If you are interested, i bought this online at this website - http://paintbynumbers.com.sg/

When i showed my friend this, she said i always find funny things to do. Here's my funny thing:









Streets of Paris

Tuesday 10 July 2012

Ayam Goreng

Teh:

I was at Batam recently and bought a pack of their Ayam Goreng marinate from the supermarket to try. Please see below for the picture. I will definitely get more of this the next time i visit Batam!! This marinate from Indofood is very nice! It made my chicken taste exactly like those sold at the malay stalls, if not better! If i'm not wrong, it cost less than $1.
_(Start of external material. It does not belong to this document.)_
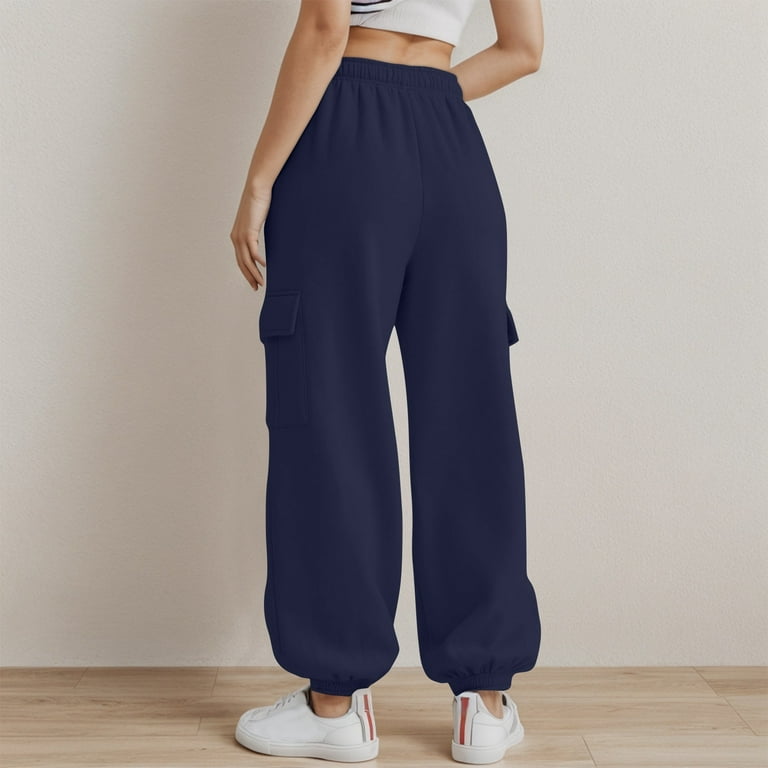 Susanny Womens Cargo Sweatpants Joggers Cinch High Waisted Susanny Womens Cargo Sweatpants Joggers Cinch High Waisted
Ayam Goreng Marinate by Indofood


The method stated behind the packaging says to mix the marinate with water and boil the chicken in the stock. I didn't do that. I marinated the chicken parts with the powder for at least 3 hours before i cooked it. I was able to use the whole pack to marinate 1 whole chicken (cut into parts). I boiled and cooked the chicken with some water for 20 to 30 minutes, depending on how much chicken you are cooking. If you can afford the time, i suggest cooking the chicken for a longer time so that it'll be more tender. After boiling the chicken and drying it, you give the chicken a quick deep fry (2 mins). It'll turn nice and brown. Very fragrant. Best eaten hot! This marinate is not spicy. A must try for those who likes the fried chicken from the malay stalls!

Wednesday 4 July 2012

Xiang Jiang Claypot Chicken Rice @ Jurong West

Teh:

I think Xiang Jiang Claypot Chicken Rice deserves a mention here! I've been to this stall for a few times. The chicken is always tender and well marinated. The salted fish is of good quality. Even the dark soy sauce they use is premium quality. How do you tell if its premium quality? Its very thick and its not salty at all! There are also some charred bits of the rice for people who like them. Most of the time we will order a soup of the day ($2.50) to go along with the rice. Their soups are nice and thick. You get a very homely feel from drinking them. Please call ahead to order so that you can eat once you reach. Check out their other varieties!

Xiang Jiang Claypot Chicken Rice
Blk 498 Jurong West St 41
Singapore 640498
Tel: 92700993

 Claypot chicken rice for 3 pax @ $13
Xiang Jiang Clayport Chicken Rice


Monday 2 July 2012

Happy Call Pan - Salmon Head

Teh:

Yesterday i finally got around to buying a salmon head to try on the Happy Call Pan. I will give you my verdict now. You can decide if you want to look at the pictures below later. *Drum rollllllll* I prefer the salmon head that was grilled in the oven (http://comingsoonlah.blogspot.sg/2012/03/grilled-salmon-head-non-complicated.html). No doubt the cooking time is considerably shortened using the Happy Call Pan (it only takes about 5-7 minutes), somehow the crispiness of the salmon skin was not as satisfying when compared to it being baked in the oven. Imagine your mum's pan fried fish. Now imagine the real grilled salmon head at japanese restaurants. That's the difference. However, the meat was tender and melt in your mouth. 


Here's how i did it:
I mentioned in my previous Happy Call Pan (HCP) post (http://comingsoonlah.blogspot.sg/2012/04/happy-call-pan-grilled-mackerel-and.html) that oil will drip out of the hole (meant for the steam to come out) if you flip it to cook. So i did not attempt to flip the pan this time. I turned the fish head manually. After washing and drying the fish, i sprinkled some salt all over the skin and on the meat. I put the HCP on medium heat (and waited for it to heat up this time) with some oil before i put the salmon head in, skin down. I cooked the skin part longer than the meat part because i want the skin to be crispy and i was confident the heat trapped on the pan when it is shut will cook the meat. Flipping the head onto the meat side for it to cook was more for browning it. When you see that the skin is nice and browned, flip the head over manually and cook it for another 1 - 2minutes. Serve hot. You can squeeze some lemon juice on it if you want. 

Maybe we can save the salmon head for the oven. If it is for cooking salmon fillet, the HCP should be a pan that gets the job done in a jiffy.